O modelo é uma picape média feito sobre plataforma de carro de passeio, com direito a motor a diesel e versão 4x4. Custa menos que as médias mais robustas e, em muitos casos, supre a demanda de quem precisa de um veículo com caçamba.

A nova geração da compacta Strada, com cabine dupla, ficou quase sozinha no segmento que sempre liderou. A Chevrolet Montana saiu de linha e a Volkswagen Saveiro está defasada. Nessa alta da demanda por picapes, não é de se estranhar que tenha conseguido ser o veículo mais vendido do Brasil.

Quanto à Jeep, utilitários-esportivos são o que a brasileiro quer, e a marca é referência no segmento desde que chegou ao Brasil. Com a queda do consumo de hatches compactos, os SUVs ganharam participação e a Jeep, destaque.

Reação lenta e saída da Ford

Uma linha com bons SUVs e picapes se mostrou fator importante para a Stellantis dominar o mercado brasileiro. E a demora na reação da concorrência só contribui para o grupo automotivo.

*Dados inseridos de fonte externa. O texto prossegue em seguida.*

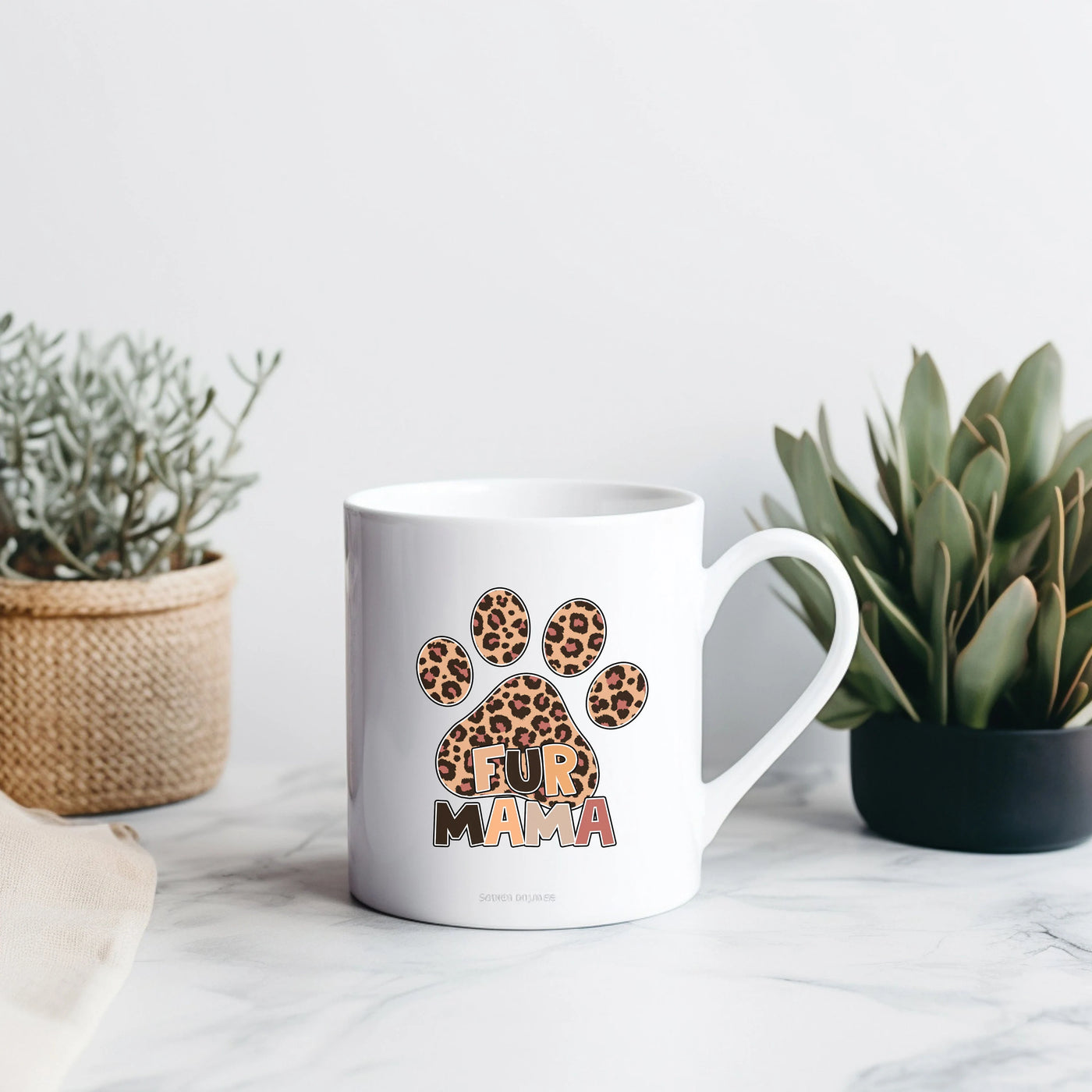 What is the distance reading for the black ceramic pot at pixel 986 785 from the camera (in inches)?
24.3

A Toro, lançada em 2016, até hoje não tem concorrente à altura. Sua desafiante, a Montana, que crescerá e ganhará tração 4x4, chegará em 2023. O Compass reinou sozinho por anos e, em 2021, ganhou companhias importantes: Toyota Corolla Cross e Volkswagen Taos.

Eles até afetaram a participação do Compass - especialmente o modelo da Toyota. No entanto, não causaram redução significativa no volume de vendas do Jeep.

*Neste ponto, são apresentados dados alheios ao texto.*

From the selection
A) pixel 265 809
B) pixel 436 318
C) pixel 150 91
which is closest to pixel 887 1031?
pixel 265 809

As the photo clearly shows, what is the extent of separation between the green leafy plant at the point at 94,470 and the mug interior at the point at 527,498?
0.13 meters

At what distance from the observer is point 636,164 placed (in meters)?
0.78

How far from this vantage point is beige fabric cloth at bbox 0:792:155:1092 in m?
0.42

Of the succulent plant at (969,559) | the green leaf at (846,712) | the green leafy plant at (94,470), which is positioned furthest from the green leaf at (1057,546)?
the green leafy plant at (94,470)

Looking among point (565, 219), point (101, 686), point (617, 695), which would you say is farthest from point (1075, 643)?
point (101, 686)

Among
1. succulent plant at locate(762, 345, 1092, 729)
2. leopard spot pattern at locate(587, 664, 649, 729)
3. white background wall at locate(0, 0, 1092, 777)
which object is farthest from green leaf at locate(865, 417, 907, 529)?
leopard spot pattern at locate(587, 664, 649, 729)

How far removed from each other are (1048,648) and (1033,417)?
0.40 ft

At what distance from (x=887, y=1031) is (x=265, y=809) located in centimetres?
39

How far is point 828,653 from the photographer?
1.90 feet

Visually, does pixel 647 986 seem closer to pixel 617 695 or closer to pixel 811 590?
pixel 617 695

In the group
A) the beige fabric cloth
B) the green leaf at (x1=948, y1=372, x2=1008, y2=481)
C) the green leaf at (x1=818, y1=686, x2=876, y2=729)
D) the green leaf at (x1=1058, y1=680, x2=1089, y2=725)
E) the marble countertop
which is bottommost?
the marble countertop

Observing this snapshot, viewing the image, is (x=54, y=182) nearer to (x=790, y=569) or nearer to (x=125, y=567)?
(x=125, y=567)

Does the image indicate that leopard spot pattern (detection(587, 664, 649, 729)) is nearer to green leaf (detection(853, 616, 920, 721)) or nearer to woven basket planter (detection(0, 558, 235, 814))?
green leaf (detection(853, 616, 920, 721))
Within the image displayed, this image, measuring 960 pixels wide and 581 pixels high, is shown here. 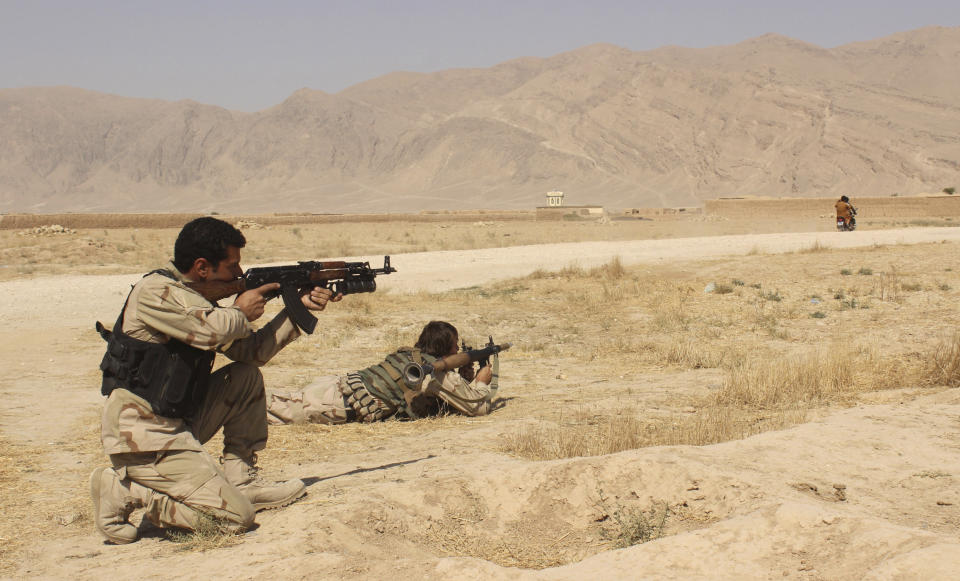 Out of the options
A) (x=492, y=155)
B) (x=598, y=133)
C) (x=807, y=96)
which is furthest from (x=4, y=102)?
(x=807, y=96)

Também contribuiu para a escalada da Stellantis a saída da Ford da condição de fabricante, no início de 2021. A participação dessa marca de grande volume acabou sendo distribuída entre concorrentes com produtos semelhantes.

Matematicamente, foi um fator importante para a Stellantis se aproximar dos 35% de participação no mercado.

Fiat em alta

Olhando apenas para os números da Fiat, a participação da marca já representa uma grande vantagem ante as principais concorrentes. Em 2022, tem 21% do mercado, ante os 13% da Chevrolet e os pouco mais de 10% da Volkswagen e da Hyundai, que também se tornou bastante representativa.

Produzido pela montadora sul-coreana, o HB20 é o carro de passeio mais vendido do Brasil e, no ranking geral, está atrás apenas da Strada. Além disso, o Creta briga com T-Cross, Tracker e Renegade pela liderança da categoria de SUVs compactos.

Porém, em 2019 o cenário era bem diferente para a Fiat. Antes da pandemia, a marca italiana estava atrás de Chevrolet, primeira colocada, e Volkswagen, segunda. Tinha 13,77% do mercado, ante os 17,89% da líder e os 15,59% da vice.

O cenário de 2019 mostra o quão rápida foi a escalada da Fiat no mercado brasileiro, fator fundamental para o domínio da Stellantis.

Volkswagen e a história

De acordo com dados do Museu da Imprensa Automotiva (MIAU), a Volkswagen chegou a ter cerca de 70% do mercado brasileiro, quando existia só ela, Ford e Chevrolet. A Fiat estreou por aqui em 1976, mas demorou a conquistar o consumidor.

A chegada do Uno, em meados dos anos 80, mudou a história da Fiat, que passou a incomodar mais a Volkswagen. A marca alemã conseguiu manter a liderança, mas sua vantagem ia sendo descontada pelas concorrentes.

De acordo com dados do MIAU, em meados de 1994, data do lançamento do Gol G2, a VW tinha 36,8% do mercado, ante os 26,9% da Fiat, 20,9% da Chevrolet e 12,1% da Ford. Depois da chegada das novas montadoras, a alemã foi perdendo participação e, por fim, a liderança.